# How to complete this task
Please write out exactly, and only, the lines from the first in the material below to the line containing "Namur > Run For Kids > Photos", both included.

# Material provided
┄┄┄┄┄┄┄┄┄┄
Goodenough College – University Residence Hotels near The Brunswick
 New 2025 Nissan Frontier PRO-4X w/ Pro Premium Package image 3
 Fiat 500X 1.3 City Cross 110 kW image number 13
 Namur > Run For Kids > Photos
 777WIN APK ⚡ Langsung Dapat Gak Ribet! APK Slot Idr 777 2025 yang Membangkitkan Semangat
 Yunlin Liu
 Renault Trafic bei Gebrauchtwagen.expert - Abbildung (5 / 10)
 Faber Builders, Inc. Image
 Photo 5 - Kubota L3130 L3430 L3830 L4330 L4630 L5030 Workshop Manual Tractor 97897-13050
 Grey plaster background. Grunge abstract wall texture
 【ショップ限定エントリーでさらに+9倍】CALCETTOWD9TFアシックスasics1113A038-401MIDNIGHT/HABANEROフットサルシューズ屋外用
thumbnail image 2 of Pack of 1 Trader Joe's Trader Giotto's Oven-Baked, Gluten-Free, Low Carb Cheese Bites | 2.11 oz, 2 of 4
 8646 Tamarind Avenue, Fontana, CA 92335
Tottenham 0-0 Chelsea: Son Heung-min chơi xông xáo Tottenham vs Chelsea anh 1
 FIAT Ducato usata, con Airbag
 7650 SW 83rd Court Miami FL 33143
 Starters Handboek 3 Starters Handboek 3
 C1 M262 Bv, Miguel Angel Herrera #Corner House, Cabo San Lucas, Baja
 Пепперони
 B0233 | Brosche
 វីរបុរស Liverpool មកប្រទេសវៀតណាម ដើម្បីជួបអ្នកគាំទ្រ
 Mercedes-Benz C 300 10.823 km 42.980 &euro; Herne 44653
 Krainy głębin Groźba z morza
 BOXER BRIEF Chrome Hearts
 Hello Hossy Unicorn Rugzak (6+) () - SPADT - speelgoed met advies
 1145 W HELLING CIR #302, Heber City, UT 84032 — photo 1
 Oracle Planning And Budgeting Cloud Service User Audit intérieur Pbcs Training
┄┄┄┄┄┄┄┄┄┄
# Solution to the exercise
Goodenough College – University Residence Hotels near The Brunswick
 New 2025 Nissan Frontier PRO-4X w/ Pro Premium Package image 3
 Fiat 500X 1.3 City Cross 110 kW image number 13
 Namur > Run For Kids > Photos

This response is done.